As Mother's memory began to fade a bit, I decided she needed someone to check on her daily. At first several years ago, we seven siblings worked out a routine: we would each call one day a week. Somehow that did not work out. Eventually I decided that since I was the one who lives in Rome and have pretty good health and mobility, I would try to drop by to see Mother daily. My two Rome area siblings also visited her regularly. And the out-of-town siblings as often as they could. Of course there would be days when life would intervene and I couldn't make it to her house; then I would call. I missed very few days -- either visiting or calling -- the rest of her life.

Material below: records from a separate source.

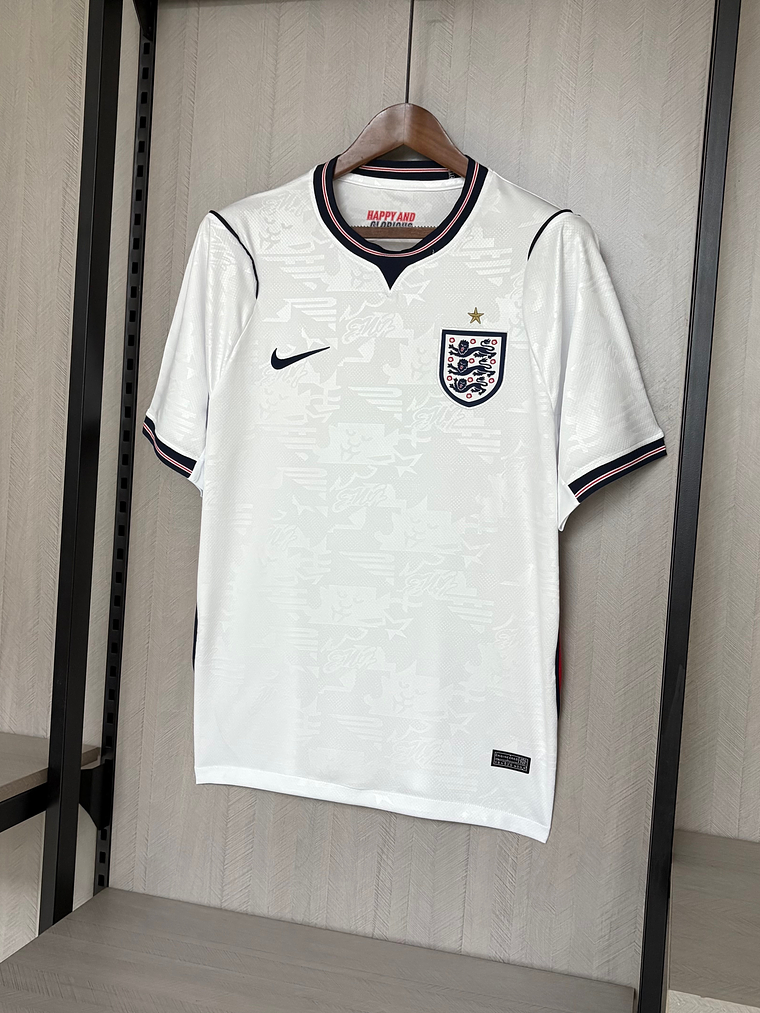 CAMISOLA DA SELEÇÃO DA INGLATERRA 2026 - BRANCA 4
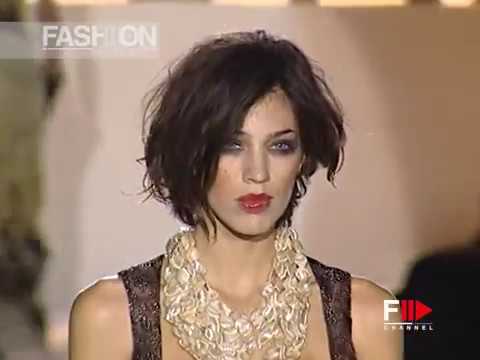 MARIELLA BURANI Spring Summer 2003 Milan – Fashion Channel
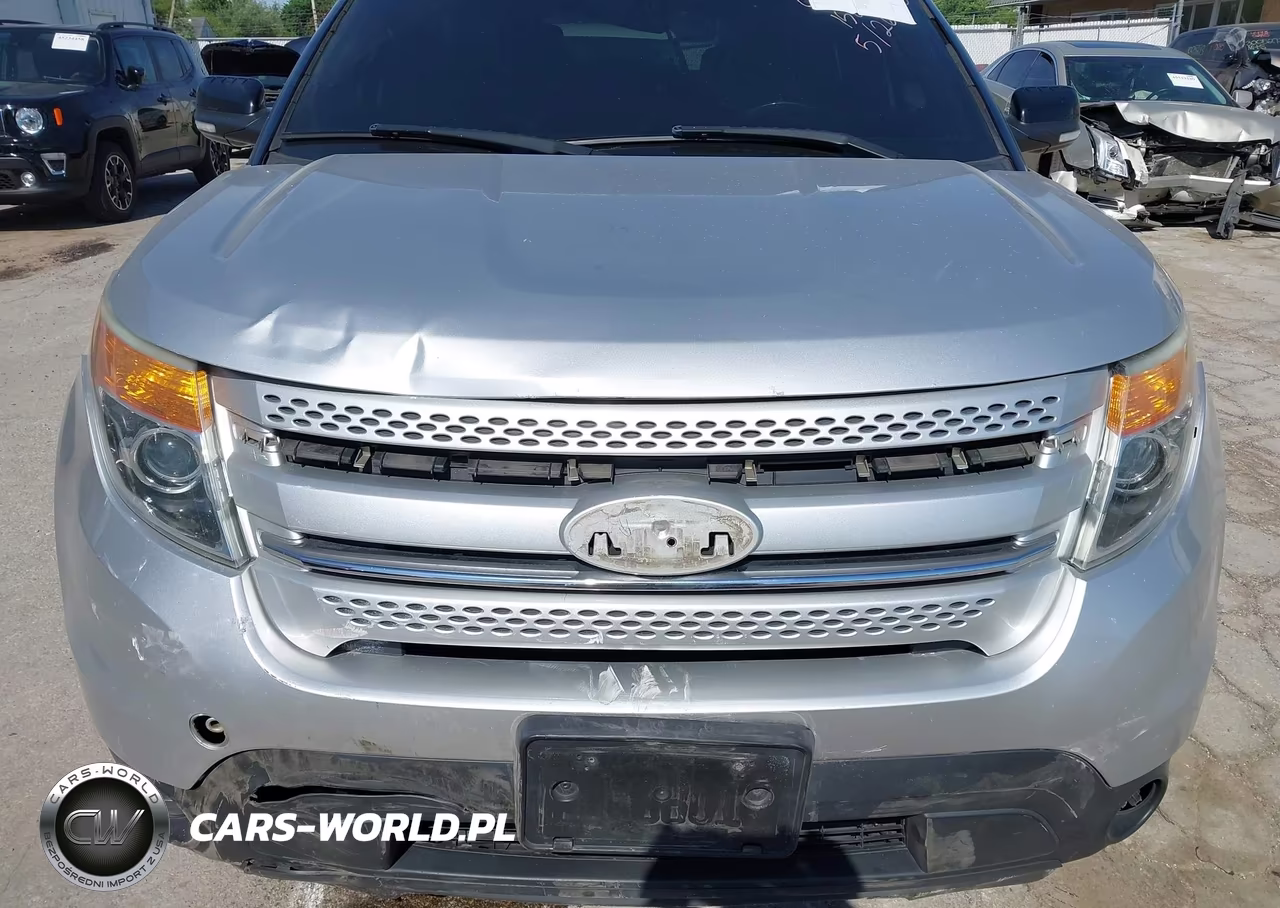 2014 Ford Explorer Xlt VIN:1FM5K8D80EGA36926 - 12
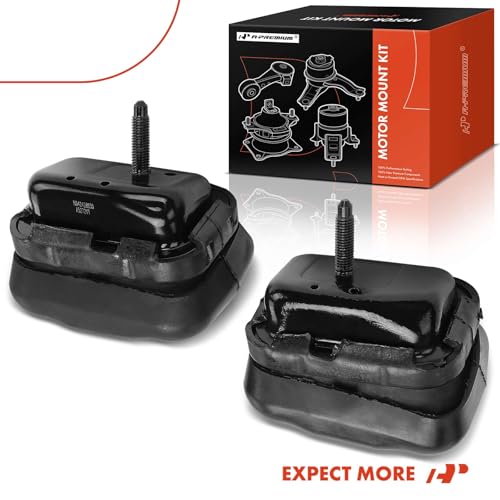 A-Premium Engine Motor Mount Kit Compatible with Lincoln Town Car 2003-2008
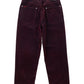 【NEW】FLOCKED DENIM PANTS/フロックデニムパンツ【FAM-62509】【10月5日から順次配送】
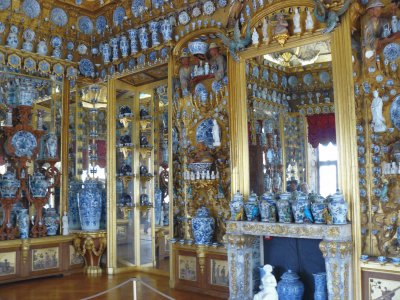 Berlin, Schloss Charlottenburg, Porzellankabinett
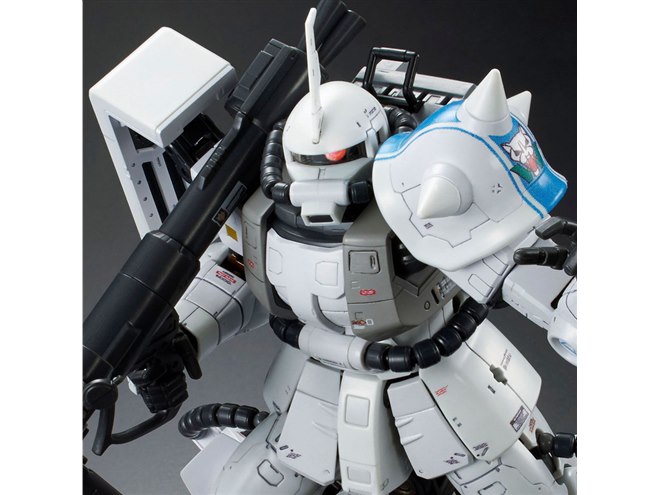 MS-06R-1A シン・マツナガ専用ザクII」がRGシリーズ1/144プラモに - 価格.com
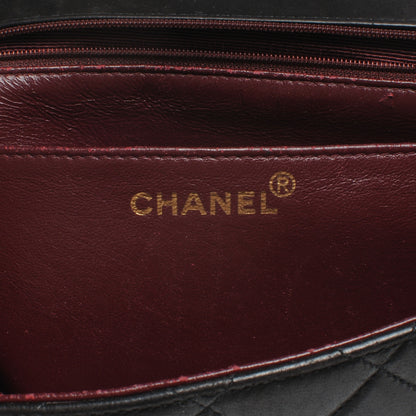 Chanel Lambskin Jumbo Flap Black 7 of 8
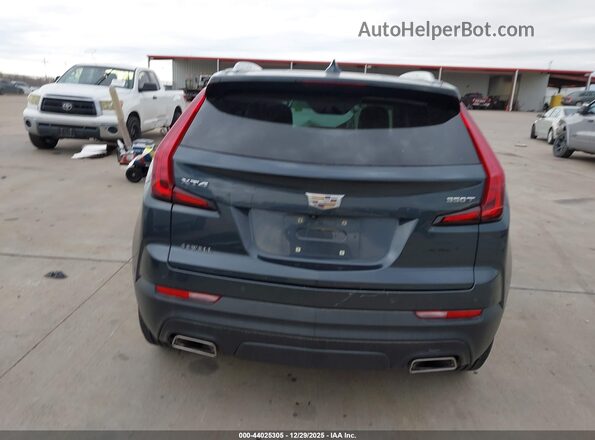1GYAZAR48MF003005 2021 CADILLAC XT4 Green 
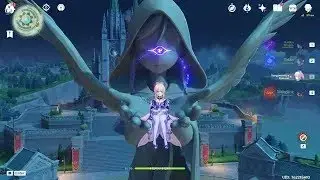Genshin Impact - Whopper Flower Nectar Efficient farming Route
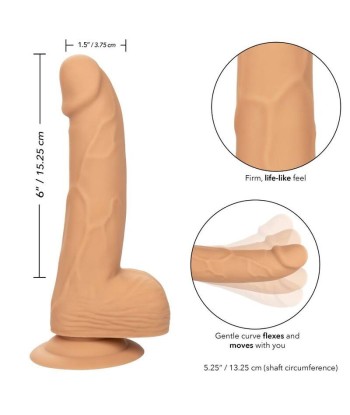 CALEXOTICS - SILICONE STUDS 15.24 CM SKIN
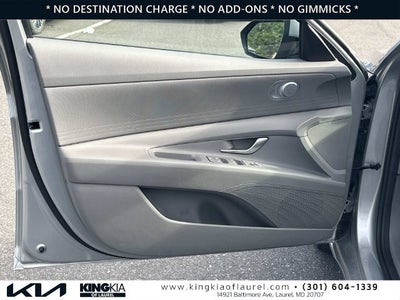 2021 Hyundai Elantra SEL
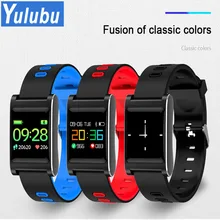 Yulubu K88 плюс Смарт Браслет артериального давления браслет цветной дисплей IP68 Водонепроницаемый Фитнес-трекер группа для IOS и Android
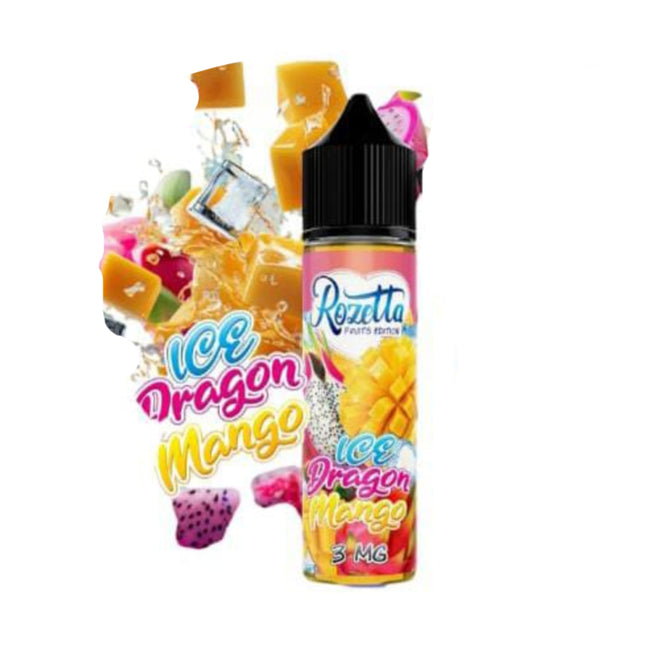 Rozetta Ice Dragon Mango  دراجون فروت مانجو ساقع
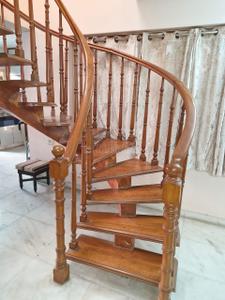 Hall Image of 2200 Sq.ft 2.5 BHK Penthouse for rent in Shahibaug Ahmedabad for Rs. 32000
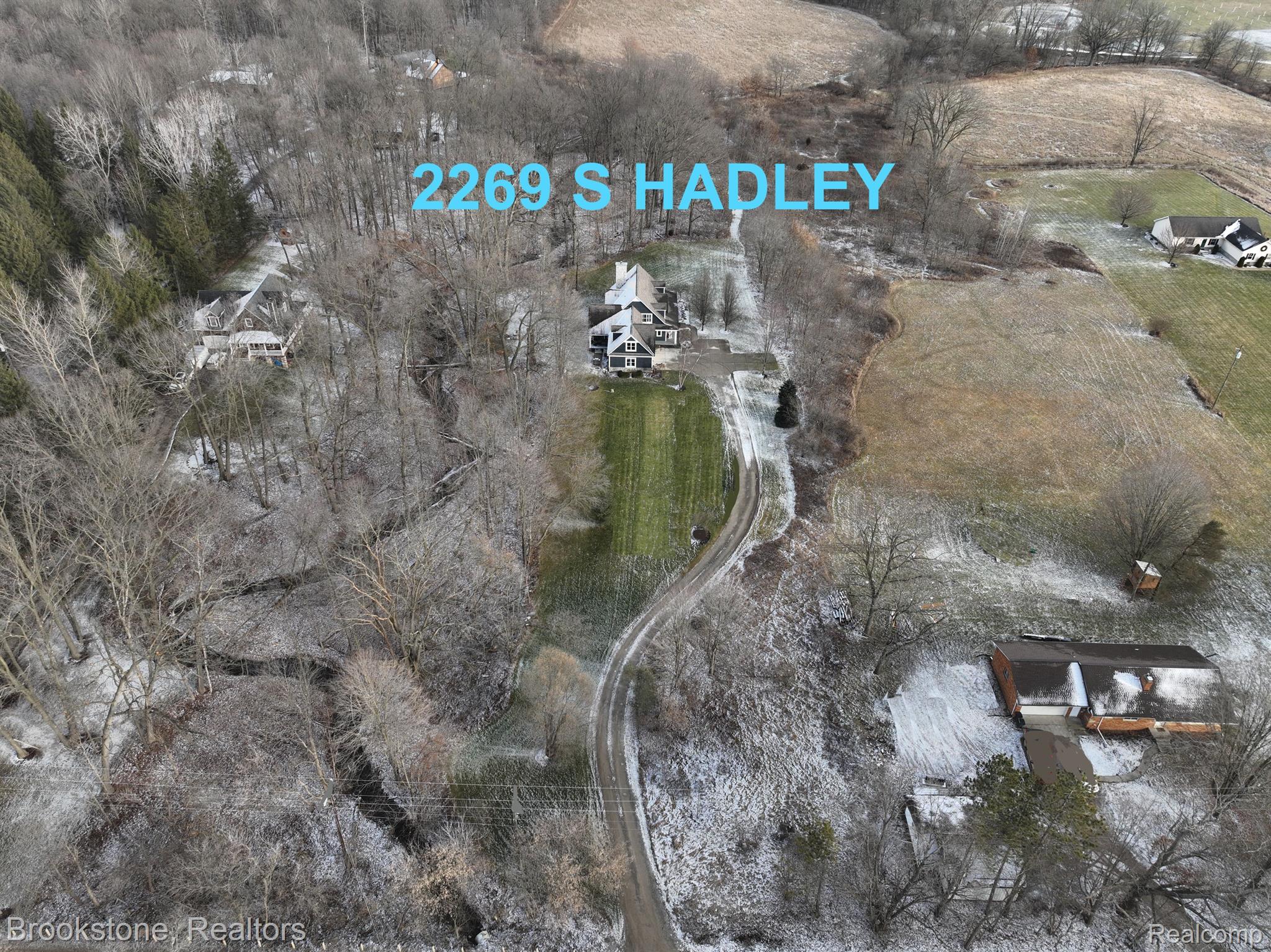 2269 S HADLEY Road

When we were out of town the calls were easiest. The change of time zones on our California trips, especially, gave me an opportunity to call Mother. It was my routine to walk for an hour or more each morning in California. Since our internal clocks are on Georgia time when we first arrive there, I wake up early -- great time for a walk. Early morning in California is mid morning in Georgia so it became a daily habit to call Mother while I walked the hills of Vista, California, and report to her on her great-granddaughters' doings and to hear from her about the doings in Rome. I really enjoyed that. And those experiences made us more comfortable, I think, with "just visiting" calls back in Rome on those days when other obligations kept me from visiting her in person.
A year ago today was such a day. It was a Monday. Our annual two/three day Matthews Family Reunion was being held at our house. I was working to have the place ready for our guests. I had repainted the Little Tykes playset and all of the yard furniture. I had hung a wooden baby swing. The cousins would arrive the next day. I had been over to Mother's on Sunday, the day before, for a nice visit and I'd taken a picture of her with the huge hibiscus bloom.
So today I'd just call. We had a nearly fifteen minute, or maybe even longer, conversation. She seemed fine. She was very interested to hear what I'd been doing in the yard and about the cousins who were coming in. I think we mentioned the fiftieth wedding anniversary party the girls were planning for Sheila and me in less than three weeks. And, of course the expectation she'd see my daughters and granddaughters in a few days, including -- for the first time -- her namesake, Ruth Irmgard Carlin.
I would talk or read or sing or pray, or otherwise try to communicate with Mother many times over the next eleven days -- and I treasure those eleven days -- but that breezy telephone call was the last "normal" conversation I would ever have with my mother.